Hi,
I am new to the ELK stack workflow, currently I am doing a project that pulls live feed from twitter every time a user requests and I want to display the results using Kibana. In my project instead of using Logstash to collect data I have used tweepy library in python, and then connected it to Elastic Search where I created an index to store my incoming data.
The problem:
The code is working but my problem is that the incoming doccuments are getting stored only if I give a new index name every other time my new set of live feeds come in.
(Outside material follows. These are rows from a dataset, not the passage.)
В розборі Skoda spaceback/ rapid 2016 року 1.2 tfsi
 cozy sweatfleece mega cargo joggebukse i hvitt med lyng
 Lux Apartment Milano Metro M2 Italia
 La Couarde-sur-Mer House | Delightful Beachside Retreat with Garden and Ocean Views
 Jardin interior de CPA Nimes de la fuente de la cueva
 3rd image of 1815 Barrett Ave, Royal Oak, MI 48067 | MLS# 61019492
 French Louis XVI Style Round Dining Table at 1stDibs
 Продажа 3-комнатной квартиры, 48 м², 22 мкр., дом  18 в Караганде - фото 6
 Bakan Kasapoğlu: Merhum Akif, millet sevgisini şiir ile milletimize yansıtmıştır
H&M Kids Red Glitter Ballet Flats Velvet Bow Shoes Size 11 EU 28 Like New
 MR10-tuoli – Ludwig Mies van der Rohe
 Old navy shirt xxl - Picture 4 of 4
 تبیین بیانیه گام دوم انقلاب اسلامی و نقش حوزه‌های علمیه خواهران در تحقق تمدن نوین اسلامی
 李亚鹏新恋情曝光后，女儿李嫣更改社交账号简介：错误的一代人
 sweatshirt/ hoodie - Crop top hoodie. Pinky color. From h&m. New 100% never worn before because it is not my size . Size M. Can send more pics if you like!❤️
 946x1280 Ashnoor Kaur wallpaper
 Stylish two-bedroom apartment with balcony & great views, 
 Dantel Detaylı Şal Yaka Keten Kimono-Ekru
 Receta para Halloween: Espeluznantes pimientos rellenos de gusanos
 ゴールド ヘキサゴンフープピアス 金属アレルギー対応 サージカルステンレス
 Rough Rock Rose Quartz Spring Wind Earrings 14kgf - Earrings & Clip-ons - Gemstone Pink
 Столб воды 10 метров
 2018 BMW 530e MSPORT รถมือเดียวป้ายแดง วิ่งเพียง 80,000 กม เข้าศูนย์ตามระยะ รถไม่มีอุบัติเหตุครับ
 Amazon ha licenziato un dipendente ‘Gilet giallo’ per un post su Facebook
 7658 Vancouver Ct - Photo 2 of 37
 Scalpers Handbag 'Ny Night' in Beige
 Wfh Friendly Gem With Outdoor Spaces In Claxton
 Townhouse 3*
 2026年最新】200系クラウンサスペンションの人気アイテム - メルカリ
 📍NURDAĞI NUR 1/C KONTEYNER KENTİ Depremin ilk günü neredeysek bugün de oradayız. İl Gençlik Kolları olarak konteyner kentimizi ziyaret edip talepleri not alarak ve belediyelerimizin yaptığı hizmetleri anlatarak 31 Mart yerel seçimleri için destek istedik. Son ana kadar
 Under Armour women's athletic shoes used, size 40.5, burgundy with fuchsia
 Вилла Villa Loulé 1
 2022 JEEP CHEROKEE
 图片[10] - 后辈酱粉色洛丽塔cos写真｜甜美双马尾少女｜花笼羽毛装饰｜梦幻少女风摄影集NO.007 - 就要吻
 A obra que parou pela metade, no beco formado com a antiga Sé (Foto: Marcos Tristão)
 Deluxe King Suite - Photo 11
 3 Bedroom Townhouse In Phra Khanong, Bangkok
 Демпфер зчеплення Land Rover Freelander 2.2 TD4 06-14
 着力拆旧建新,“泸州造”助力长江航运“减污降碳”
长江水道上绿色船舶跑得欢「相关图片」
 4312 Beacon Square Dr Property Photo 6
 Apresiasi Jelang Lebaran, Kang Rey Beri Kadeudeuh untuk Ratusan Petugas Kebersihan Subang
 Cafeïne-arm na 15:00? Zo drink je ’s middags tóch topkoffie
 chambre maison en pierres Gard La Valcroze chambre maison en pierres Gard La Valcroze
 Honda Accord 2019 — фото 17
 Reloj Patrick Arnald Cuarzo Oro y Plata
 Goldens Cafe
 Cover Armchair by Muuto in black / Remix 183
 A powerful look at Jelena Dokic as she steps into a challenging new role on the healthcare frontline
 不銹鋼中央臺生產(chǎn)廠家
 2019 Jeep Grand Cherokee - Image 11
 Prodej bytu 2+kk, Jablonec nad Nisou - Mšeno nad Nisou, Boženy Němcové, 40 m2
If I wanted to use the same index name to add all incoming documents to the existing ones the new documents are not updating.
I have attached my code snipped below:
def filterKeys(document):
return {key: document[key] for key in use_these_keys }
from elasticsearch import Elasticsearch
from elasticsearch import helpers
es_client = Elasticsearch(http_compress=True)
def doc_generator(df):
df_iter = df.iterrows()
#index, document = next(df_iter)
for index, document in df_iter:
yield {
"_index": 'twitter_req',
"_type": "twitter_twp",
"_id" : f"{document['ID']}",
"_source": filterKeys(document),
}
#raise StopIteration
helpers.bulk(es_client, doc_generator(twitter_feeds))
Can any of you kindly tell me where I am going wrong and how to make it so that incoming documents get automatically updated every time the code runs.